If at any point you find your company being compared to EA, understand that you've probably screwed up badly

I’d like to say that this news shocks me, but unfortunately, it doesn’t… EA announced today that it was laying off 350 people, which amounts to 4% of their workforce. Given that early indications of Anthem, a tedious and threadbare game which had a bug that accidentally made it fun for a few days, under-performed, and EA has little else in the way of new ideas… I suppose this event was a given.

“We have a vision to be the World’s Greatest Games Company,” [EA boss Andrew Wilson ] wrote. “If we’re honest with ourselves, we’re not there right now. We have work to do with our games, our player relationships, and our business.”

Not-so-hot take: it’s impossible to be the world’s greatest games company when your business is actively hostile to your player base and their wallets. 

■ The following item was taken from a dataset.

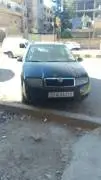 Skoda Fabia 2005, Damascus, RF12266296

I mean, it sort of makes sense, given that EA multiple-year-winner for worst company in America, they just had a “disappointing” quarter where they only made $1 billion dollars, they have a CEO who gets a compensation package of around $36 million per year (and the rest of the executive team make a hefty chunk as well), and people aren’t enjoying enough Pride & Accomplishment with loot boxes to keep the bonuses rolling. </sarcasm>

Sure, maybe some of this is normal structural stuff… they use winding down operations in Japan and Russia as a reason, but name teams like Marketing, Publishing, Operations, and “other areas” that are likely right here in the US. Most of them had nothing to do with EA missing an arbitrary target (and remember, they made a big profit last quarter, saw growth, and were by any reasonable measure wildly successful… just not in the nonsense modern finance world)… but they’re out of a job anyway. It also is the kind of move we’ve seen a lot, eliminating the people behind the scenes that make a game successful (given how awful EA’s support already is, they can’t afford to lose anyone).

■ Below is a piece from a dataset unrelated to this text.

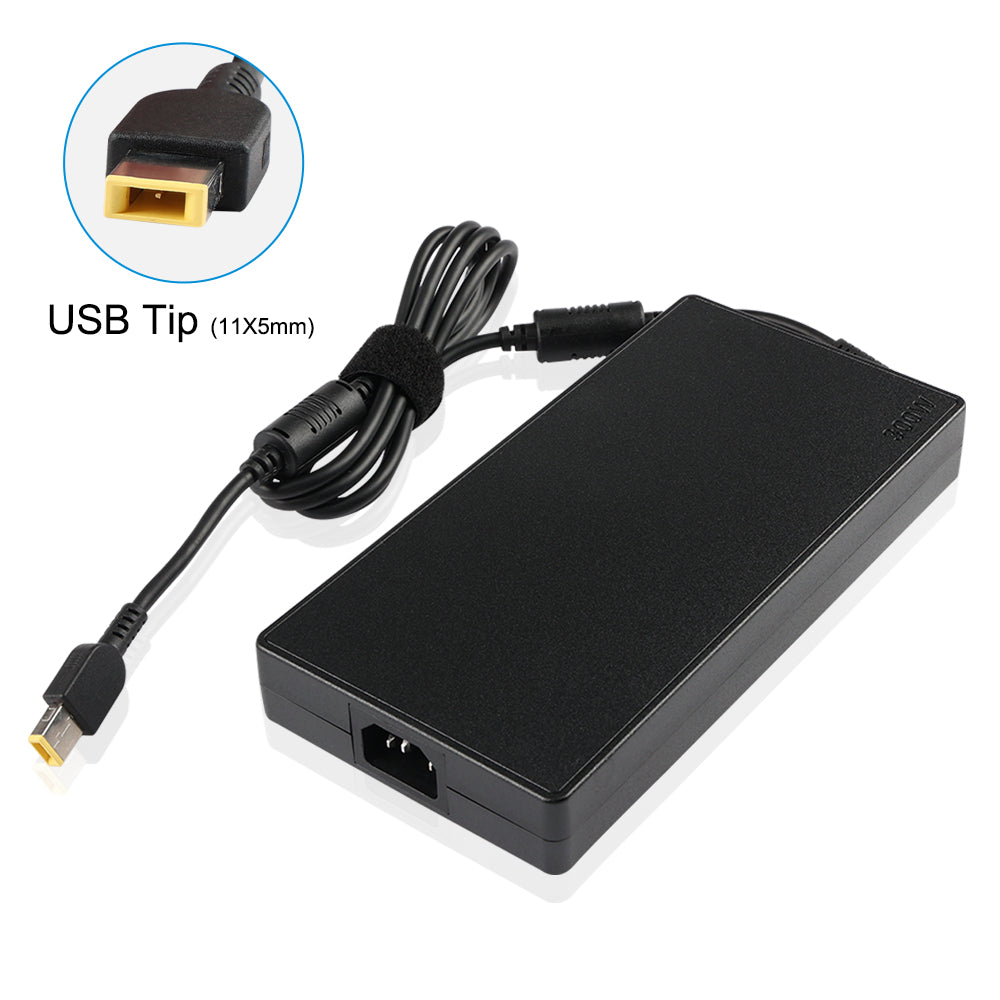 Lenovo-20V-15.0A-USB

I’ve talked about this with people in chat, at work, or just other game fans in general… but eventually, I’m going to have to reconcile the fact that I like a lot of the big, flowing games… but at the same time the companies that are responsible for making and publishing them are simply horrible. EA hasn’t made a great game in years intentionally (a lot of people seem to like Apex Legends… BR isn’t for me… but it “shocked” EA at its reception after they mostly ignored Respawn while they made it), and there’s nothing on the horizon to give any hope that it will change.

Great games will continue to be at the core of everything we do, and we are thinking differently about how to amaze and inspire our players.

For better or worse, they have the Star Wars license, and it’s fairly unlikely that we’re going to get a good game from them anytime soon. Maybe Fallen Order will come along and wow us all, but I don’t know if EA even knows how to make a game without ludicrous micro-transactions and purposefully-crippled gameplay to support monetization.